Think back to any dinosaur illustration you saw as a kid. The background was almost certainly one of two things: an asteroid streaking across the sky or a volcano blowing its top. (If the illustrator was feeling extra dramatic, maybe both.)
A 6-mile-wide asteroid, which hit the coast of the Yucatán Peninsula 66 million years ago, obliterated any nearby dinos and filled the sky with material that plunged the planet into a species-dooming winter. But don’t sell those volcanoes short. A growing body of geological evidence is suggesting that the dinosaurs were already enduring climatic chaos before the asteroid, thanks to huge, relentless volcanism in India’s Deccan Traps.

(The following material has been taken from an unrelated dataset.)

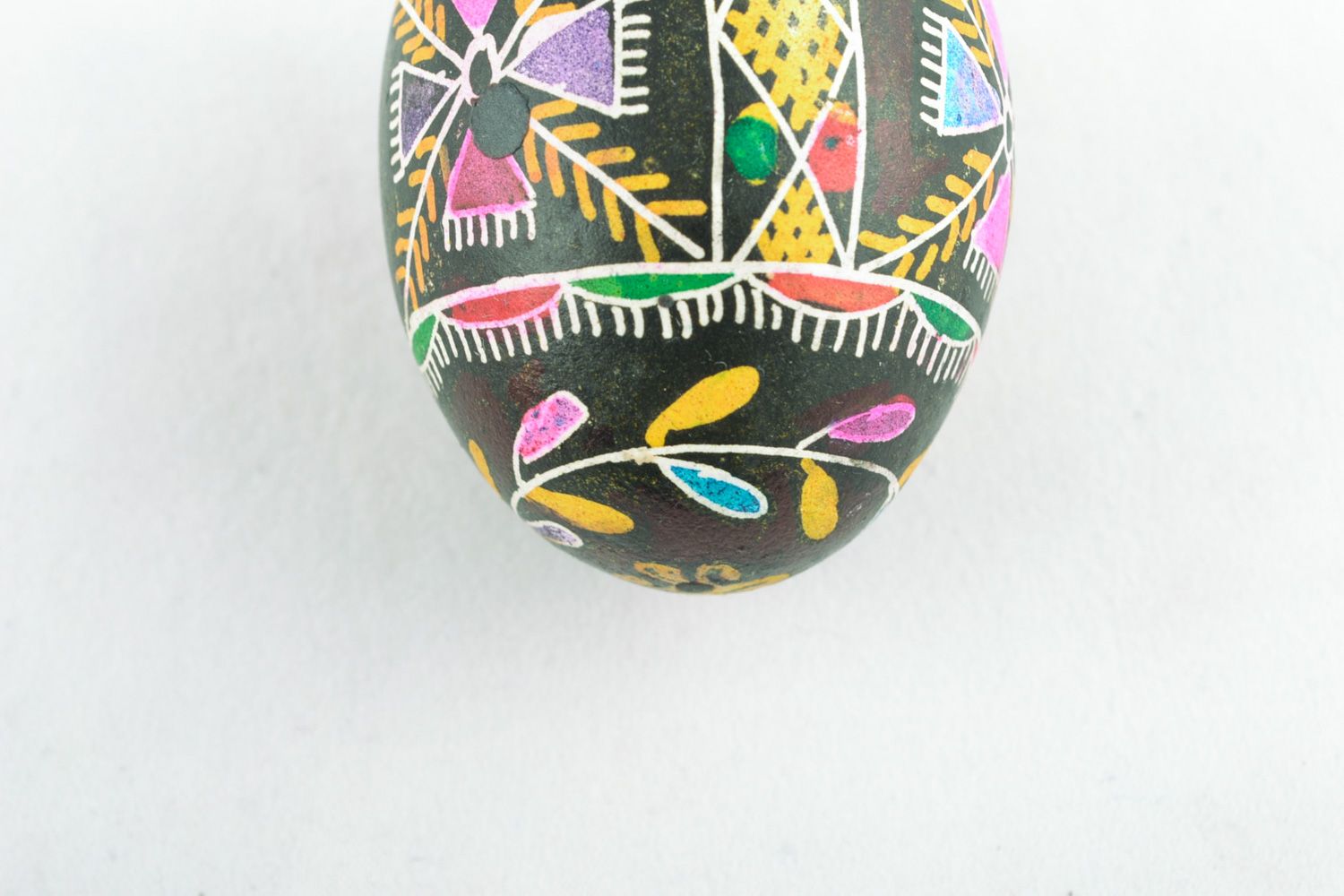 Easter souvenir homemade decorative egg painted with melted wax and aniline dyes  photo 3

For 300,000 years before impact, and for another 500,000 after it, these volcanoes emitted vast clouds of carbon dioxide and sulfur dioxide. Even when they weren’t actively erupting, they were doing “pre-eruptive” degassing. The CO2 heated the planet—as humanity’s emissions are doing today—and the SO2 cooled it by reflecting some of the sun’s energy back into space. The back-and-forth created a climatic whiplash that drove a mass extinction. So the asteroid wasn’t a singular Grim Reaper for the dinosaurs, but the coup de grâce that sealed their fate. At least, that’s how the theory goes.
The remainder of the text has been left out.